Some things make you reach, instinctively ... a falling child, a dropped smartphone, a $20 bill fluttering, unaccompanied, down the street. The thing that's made us reflexively reach out most recently is YouTuber @bassoniatv's video on how to "create [an] electric water heater" using an aluminum can. We reached for our phones to dial 911. We reached for a fire extinguisher. If we'd had one, we probably would have reached for a defibrillator as well. What Bassonia TV, purveyor of videos about topics as varied as fixing printers and breaking into a Fiat 500, has created for us all is a guide to making your own DIY electrode boiler, the most dangerous way to heat water short of maybe setting your office chair on fire and putting a tea kettle on it.

Not that electrode boilers are inherently dangerous. Commercial models are used for heating water in industrial environments, and for regulating power grids. But these are safe in the same way a passenger plane is safe: when not constructed and operated based on an 11-minute YouTube video. Let's take a closer look at what's wrong with the soda can water heater concept, and why no amount of improvement will make it safe. You're better off smashing the cans and using them as cheap drainage for your plant pots. A DIY rocket heater is a far safer way to generate hot water in an emergency, and it doesn't even require electricity.

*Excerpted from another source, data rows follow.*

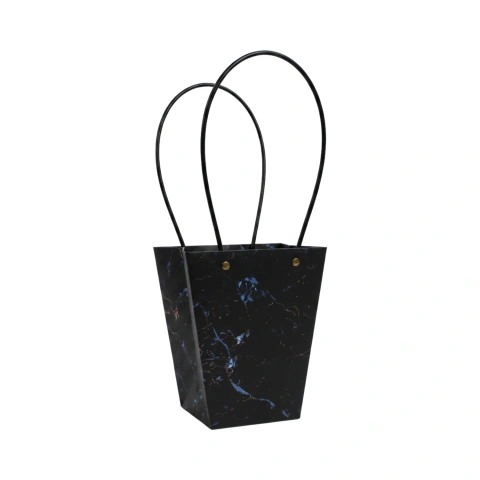 Bolso Caja Canasto para Flores de Regalo o Decoracion XU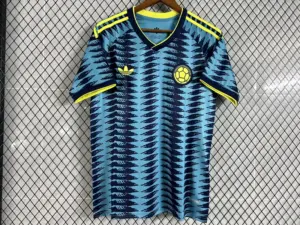 Colombia 2026 World Cup Away Soccer jersey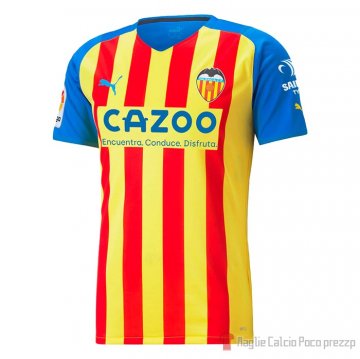 Maglia Valencia Terza 22-23 Maglia Valencia Terza 22-23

How electrode boilers work, and how they don't

If you've ever changed one of the heating elements on an electric water heater, you're familiar with the heating mechanism ... typically a metal tube that houses an insulated resistor. The resistor converts electricity into heat, in much the same way as the wires in an electric blanket or the filament in an old incandescent light bulb does. This element is submerged in water and heats it under the control of a thermostat and the natural temperature limitation of liquid water, which can't exceed the boiling point. An electrode boiler treats water itself as the resistor: electricity is converted to heat using the resistivity and conductivity of the water itself. Which would be fine, except what you're doing in this case is running a full-strength mains AC current through an open cup of water.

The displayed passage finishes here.